NECネッツエスアイ 代表取締役執行役員社長 牛島祐之氏
NECネッツエスアイ 代表取締役執行役員社長 牛島祐之氏

 働き方改革の文脈で2007年からオフィス改革に取り組んできたNECネッツエスアイは、2017年にテレワーク制度を導入し、2018年からはオンライン会議サービス「Zoom」を使って社内外を通じた共創ワークに取り組んでいる。昨今のIT系企業はグローバルの厳しい競争にさらされているが、競争に打ち勝つために同社代表取締役執行役員社長 牛島祐之氏は「イノベーションを日常化させるため、企業の仕組みと社員の労働環境の両軸を回さなければならない」と2つのアプローチを提唱した。

 2018年4月にスタートした事業創造実験プロジェクトは、「新しいアイデアを結集して事業を創造」「圧倒的なスピードで意思決定」を実現するためにSlackとZoomを採用。
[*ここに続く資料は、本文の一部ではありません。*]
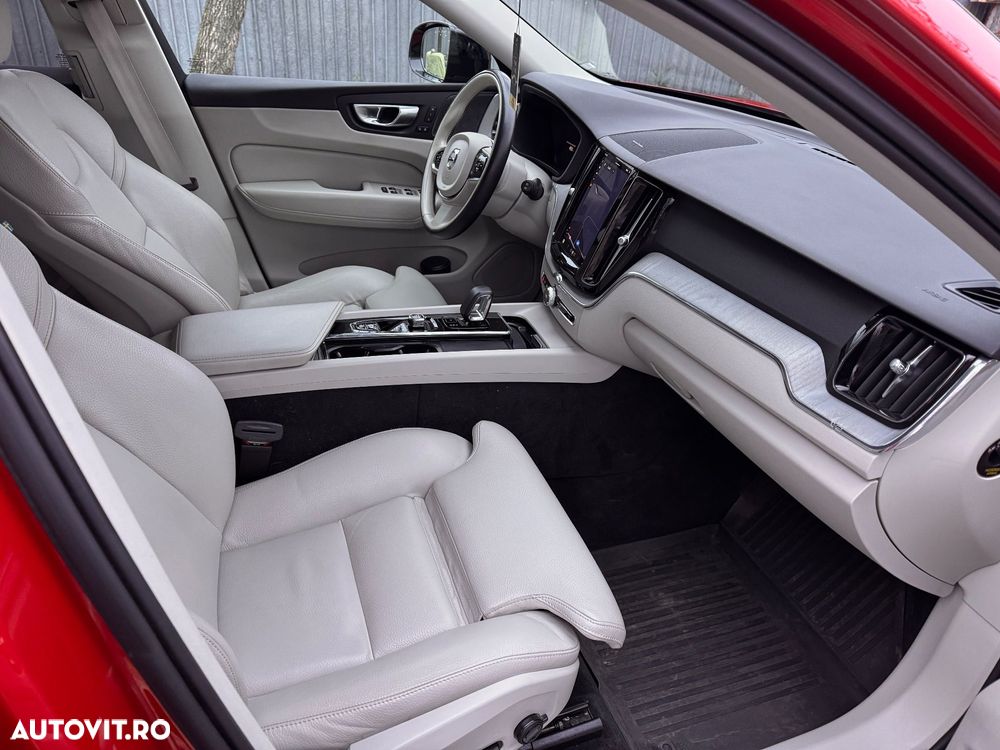 Volvo XC 60 B4 MHEV AT8 AWD Inscription - 3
「スマートフォンによる情報共有や承認プロセスを場所に捕らわれず実行できる。新アイデアや人材の発掘に成功した」(牛島氏)と振り返った。それまで約300ライセンスで運用していたSlackを2019年8月に約5000ライセンスに拡大。全社員導入を決定した。

 牛島氏は「メールではできないことが、Slackならできる」と効果を強調する。リアルタイムの応答やスマートフォンで完結できる業務、自由に飛び交うアイデアを通じて新規事業や人材発掘につながるため、現在同社は社長が率先して運営する「#ushijimaチャンネル」を運用している。

 自由闊達を社員に推奨した背景から、自身が挑んだ富士山登頂をZoomのリアルタイム配信でSlackに投稿したところ、役員から担当までさまざまなコメントがチャンネルに寄せられ、「社内コミュニケーションが劇的に変化した」(牛島氏)とコメントした。